This is an attempt to translate min_25’s article with the help of Google Translate, and with a bit of modification.
Our goal is to solve ${n \choose m} \pmod{p^e}$, ($n, m, p^e < 10^{300}$, $p$: prime number).
The method differ from Andrew Granville’s Binomial Coefficients modulo prime powers (BinCoeff.pdf).
After precomputation, the number of operation to compute ${n \choose m} \pmod{p^e}$ is reduced from $O\left(e^2\left(\frac{\log n}{\log p} + \min(\log n, \log p)\right)\right)$ to $O(e \log n)$.
For the rest of the article, denote ${n \brack m}$ as Stirling number of the first kind.

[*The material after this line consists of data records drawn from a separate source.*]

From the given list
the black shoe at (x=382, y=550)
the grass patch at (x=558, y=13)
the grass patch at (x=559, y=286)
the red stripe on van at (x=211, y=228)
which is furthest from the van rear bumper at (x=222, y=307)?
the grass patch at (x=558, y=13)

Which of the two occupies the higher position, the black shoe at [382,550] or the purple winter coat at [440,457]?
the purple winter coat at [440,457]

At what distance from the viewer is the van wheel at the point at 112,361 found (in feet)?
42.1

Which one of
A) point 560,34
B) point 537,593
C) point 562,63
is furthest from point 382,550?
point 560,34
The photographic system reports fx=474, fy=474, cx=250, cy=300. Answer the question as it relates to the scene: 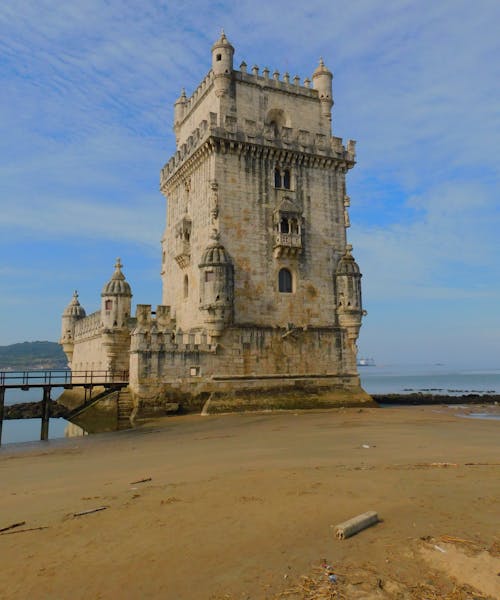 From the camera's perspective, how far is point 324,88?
30.6 metres

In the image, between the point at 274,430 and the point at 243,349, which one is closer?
the point at 274,430

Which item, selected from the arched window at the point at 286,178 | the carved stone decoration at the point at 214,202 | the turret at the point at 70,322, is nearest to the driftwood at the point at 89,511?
the carved stone decoration at the point at 214,202

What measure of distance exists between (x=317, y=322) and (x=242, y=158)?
10336mm

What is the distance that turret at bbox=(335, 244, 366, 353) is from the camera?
91.7 ft

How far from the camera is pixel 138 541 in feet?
19.7

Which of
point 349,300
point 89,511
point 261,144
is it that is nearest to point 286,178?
point 261,144

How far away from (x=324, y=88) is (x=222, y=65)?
7210 millimetres

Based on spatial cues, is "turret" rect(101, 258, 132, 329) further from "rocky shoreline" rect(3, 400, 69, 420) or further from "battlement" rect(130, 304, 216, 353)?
"rocky shoreline" rect(3, 400, 69, 420)

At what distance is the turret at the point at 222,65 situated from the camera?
27.2 metres

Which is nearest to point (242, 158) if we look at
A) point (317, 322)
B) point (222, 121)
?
point (222, 121)

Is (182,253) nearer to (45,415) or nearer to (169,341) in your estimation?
(169,341)

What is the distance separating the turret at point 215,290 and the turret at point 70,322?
77.2 feet

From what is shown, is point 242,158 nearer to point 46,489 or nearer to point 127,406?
point 127,406

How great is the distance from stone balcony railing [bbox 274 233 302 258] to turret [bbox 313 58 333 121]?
930cm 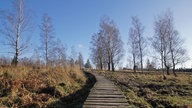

Define $(n!)_p$ as the product of all positive integers $i \not\equiv 0 \pmod p$ for all $1 \leq i \leq n$. Our goal is to compute $(n!)_p \pmod {p^e}$.
Let $n = up + v$ where $u, v$ non-negative integers and $0 \leq v < p$.
For simplicity, we assume that $e < p$,
$$ \begin{align*} ((up+v)!)_p &= \left( \prod_{i=0}^{u-1} \prod_{j=1}^{p-1} (ip+j) \right) \cdot \prod_{j=1}^v (up + j) \\\ &\equiv \left(\prod_{i=0}^{u-1} \left( \sum_{k=0}^{e-1} (ip)^k {p \brack {k+1}}\right)\right) \cdot \left(\sum_{k=0}^{e-1}(up)^k {{v+1} \brack {k+1}}\right) \pmod {p^e} \\\ &= {p \brack 1}^u \left(\prod_{i=0}^{u-1}\left( 1 + \sum_{k=1}^{e-1} \frac{{p \brack {k+1}}}{{p \brack 1}}(ip)^k \right) \right) \cdot \left( \sum_{k=0}^{e-1} (up)^k {{v+1} \brack {k+1}} \right) \\\ &= {p \brack 1}^u f_{p,e}(u) \left( \sum_{k=0}^{e-1} (up)^k {{v+1} \brack {k+1}} \right) \end{align*} $$
It can be shown that $f_{p, e}$ is a polynomial of degree $(2e - 2)$ (proven below). By calculating the value of $f_{p, e}(0), \ldots, f_{p, e}(2e-2)$, the value of $f_{p, e}(u)$ can be computed in $O(e \log n)$ using Lagrange interpolation (in $O(e)$ if you precompute the modular inverses).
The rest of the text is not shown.